Study says that even a 25% drop in factors like obesity, smoking could cut 500,000 U.S. cases.
At present, about 33·9 million people worldwide have Alzheimer's disease (AD), and prevalence is expected to triple over the next 40 years.
New research by Deborah Barnes and Kristine Yaffe suggests that more than half of AD cases globally could be prevented if modifiable risk factors were eliminated, either with lifestyle changes or treatment of underlying conditions.
Some factors appeared to have a greater impact on AD risk than others.
Diabetes – 2.4%
Midlife Hypertension – 5%
Midlife Obesity – 2%
Smoking – 14%
Depression – 10%
Cognitive Inactivity or low educational attainment – 19%
Physical Inactivity – 13%
Taking care of your body just might save your mind
With no cure or treatment to reverse the mind-robbing disease, preventing new cases is crucial. Even reducing the level of risk factors by a modest amount could prevent millions of cases of the memory-robbing illness, the researchers said.

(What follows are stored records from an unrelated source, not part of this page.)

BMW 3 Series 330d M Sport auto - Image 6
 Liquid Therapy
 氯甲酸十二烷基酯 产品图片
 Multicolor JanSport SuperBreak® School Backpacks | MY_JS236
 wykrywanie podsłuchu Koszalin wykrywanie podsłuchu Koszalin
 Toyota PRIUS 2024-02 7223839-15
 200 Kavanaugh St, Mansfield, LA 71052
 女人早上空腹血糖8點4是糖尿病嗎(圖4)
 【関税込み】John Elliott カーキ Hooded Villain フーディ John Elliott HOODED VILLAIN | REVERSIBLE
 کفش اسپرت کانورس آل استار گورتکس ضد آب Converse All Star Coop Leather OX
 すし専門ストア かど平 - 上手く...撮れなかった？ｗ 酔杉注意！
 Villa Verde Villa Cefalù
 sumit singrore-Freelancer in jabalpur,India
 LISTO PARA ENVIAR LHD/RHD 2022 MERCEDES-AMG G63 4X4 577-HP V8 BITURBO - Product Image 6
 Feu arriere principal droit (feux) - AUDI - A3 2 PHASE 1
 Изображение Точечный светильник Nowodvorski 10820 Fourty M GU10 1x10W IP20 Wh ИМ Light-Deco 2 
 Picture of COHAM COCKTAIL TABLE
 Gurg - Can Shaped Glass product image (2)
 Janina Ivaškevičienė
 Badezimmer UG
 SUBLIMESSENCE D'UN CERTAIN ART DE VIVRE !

For example, a 25 percent reduction in these seven common risk factors could prevent up to 3 million AD cases around the world and up to half a million in the United States alone, the study found.
YOU can do something to prevent AD!
Barnes DE, Yaffe K. The projected effect of risk factor reduction on Alzheimer's disease prevalence. The Lancet Neurology, Early Online Publication, 19 July 2011
Even if you start late in life, physical activity can help preserve mental ability.
And it’s not just jogging, swimming or biking, but maybe just moving around the house, doing chores, walking outside, may also be important for protection against cognitive impairment.
Middleton LE et al. Activity Energy Expenditure and Incident Cognitive Impairment in Older Adults. Arch Intern Med. Published online July 19, 2011. doi:10.1001/archinternmed.